- Opening Delimiter -

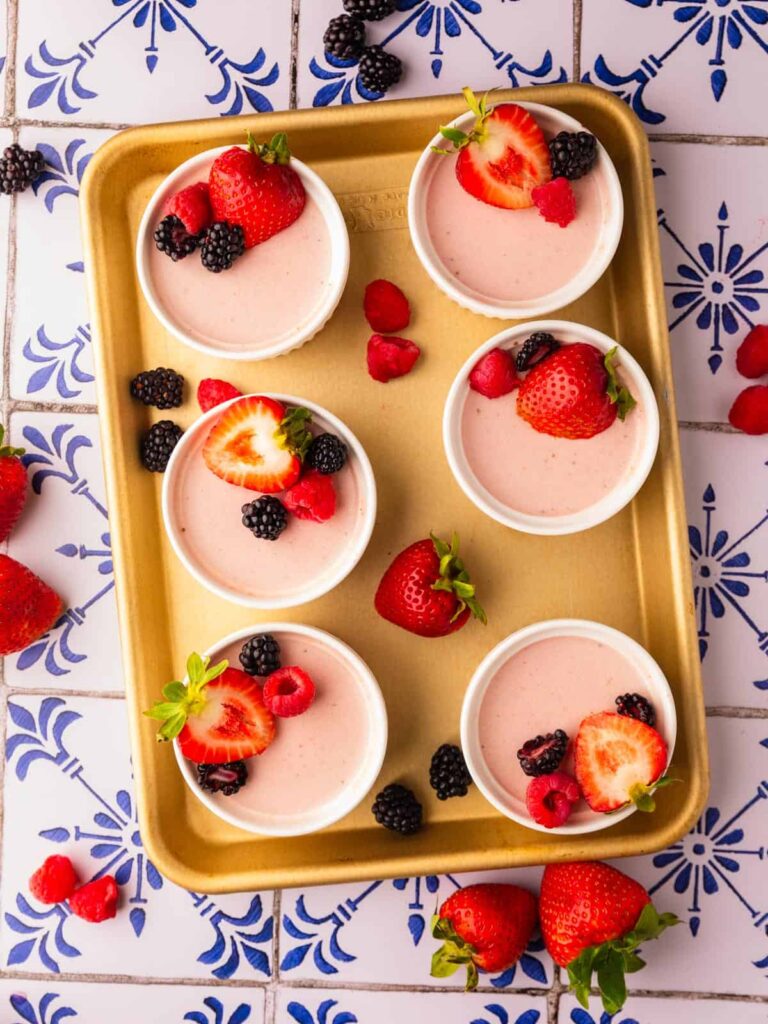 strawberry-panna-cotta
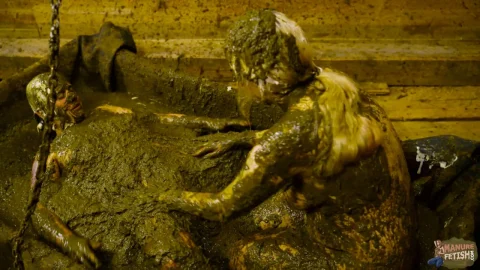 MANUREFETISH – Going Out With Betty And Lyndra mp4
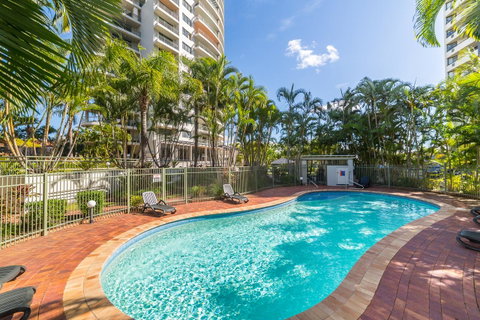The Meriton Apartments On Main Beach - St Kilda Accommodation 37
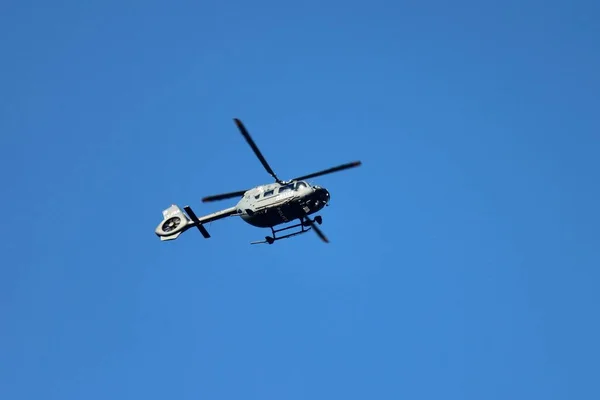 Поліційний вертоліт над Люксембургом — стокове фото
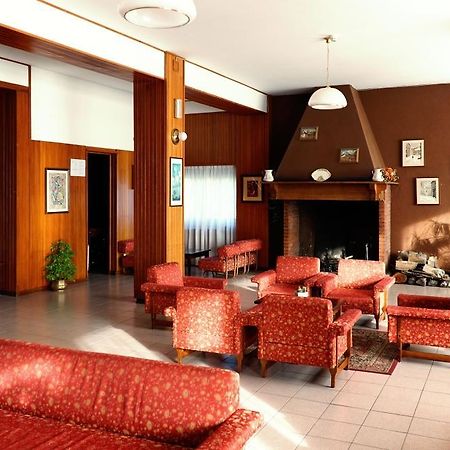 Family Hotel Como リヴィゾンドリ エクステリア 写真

- Closing Delimiter -

▶ _TASK GOAL_
In the copy, omit the pictures and give every line of the data exactly.

▶ _ANSWER TO THIS EXERCISE_
 strawberry-panna-cotta
 MANUREFETISH – Going Out With Betty And Lyndra mp4
The Meriton Apartments On Main Beach - St Kilda Accommodation 37
 Поліційний вертоліт над Люксембургом — стокове фото
 Family Hotel Como リヴィゾンドリ エクステリア 写真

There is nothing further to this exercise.